Carpenter Technology Corporation announced Wednesday restructuring actions to reduce fixed overhead costs and position the company to drive long-term, profitable growth. The actions are precipitated by the company’s desire to improve operating cost performance and the current weakness in the oil and gas market.
Carpenter’s Chairman, President and Chief Executive Officer Gregory A. Pratt stated, “We are confident in the technology, manufacturing capabilities, customer connections and employee dedication within our Company. We are clearly disappointed with our performance over the last several quarters and are taking decisive actions to return to the level of operational and financial performance we are capable of achieving, and which we and our shareholders expect and deserve.”

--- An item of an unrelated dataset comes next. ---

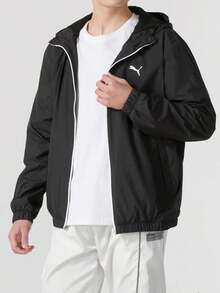 Puma Jaket Olahraga Pria Terbaru, Jaket Berkerudung Tenun, Jaket Anti Angin - Hitam - View 2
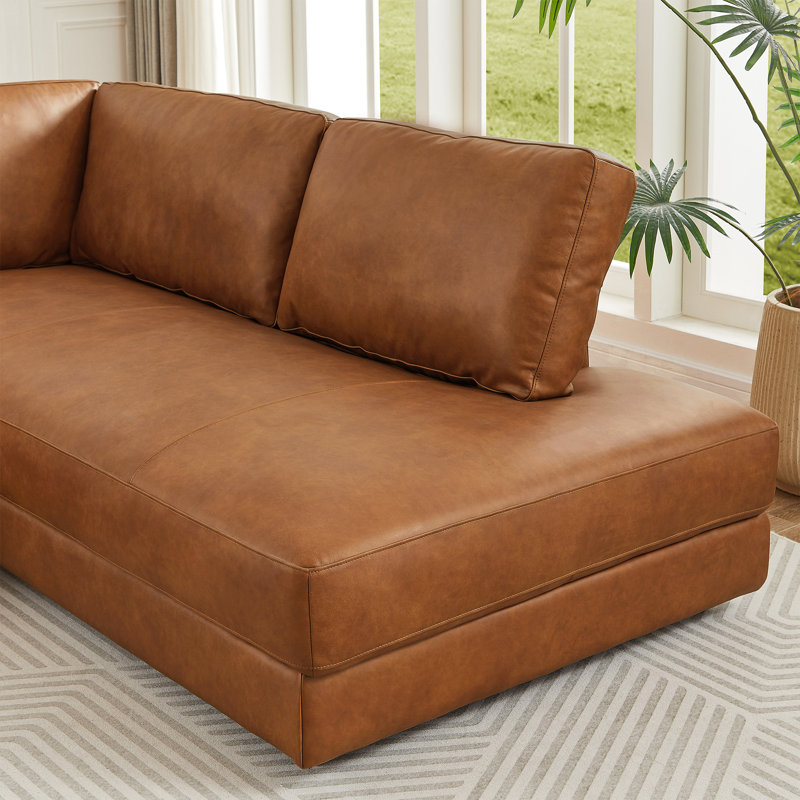  Byrle Mid Century Modern Genuine Leather Cozy Sectional Sofa, Right Hand Facing, Cognac Genuine Leather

Expected to yield approximately $30 million of annual fixed overhead cost savings, the restructuring plan includes reducing the company’s salaried positions by approximately 200 or 10 percent of the total salaried workforce. In addition, the restructuring plan includes the elimination of approximately 60 outsourced positions as well as other non-labor related costs. The company expects to record a pre-tax charge of approximately $11 million in the third quarter of fiscal year 2015 (Q3 FY15) as a result of implementing this plan.
In connection with the company’s ongoing strategic planning, Carpenter has exited the ultra-fine grain materials development program. The company will record a pre-tax charge of approximately $13 million in Q3 FY15 that reflects the cost to exit a licensing agreement as well as the associated non-cash asset impairment charges.